Work order:
What is needed is an exact copy of the listing, with no pictures in it.

Supplied information:
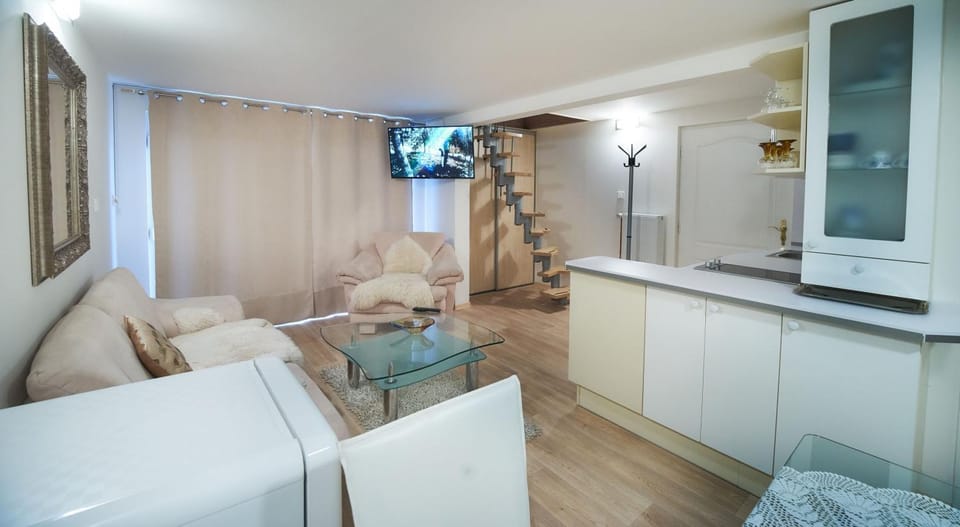 Living room, Photo of the whole room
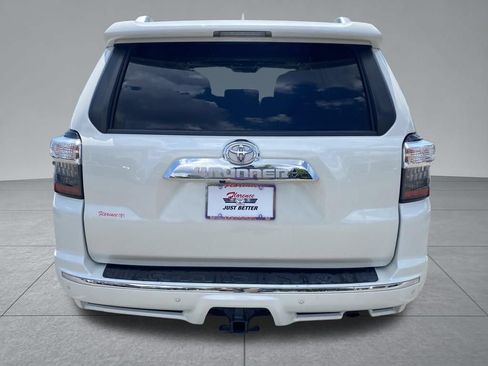 Used 2023 Toyota 4Runner Limited AWD/4WD image 12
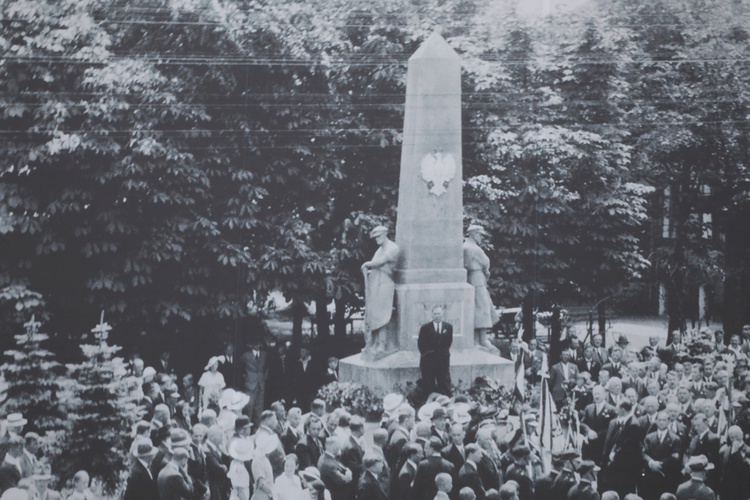 Powrót Pomnika Wolności w Czechowicach-Dziedzicach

Completed task:
 Living room, Photo of the whole room
 Used 2023 Toyota 4Runner Limited AWD/4WD image 12
 Powrót Pomnika Wolności w Czechowicach-Dziedzicach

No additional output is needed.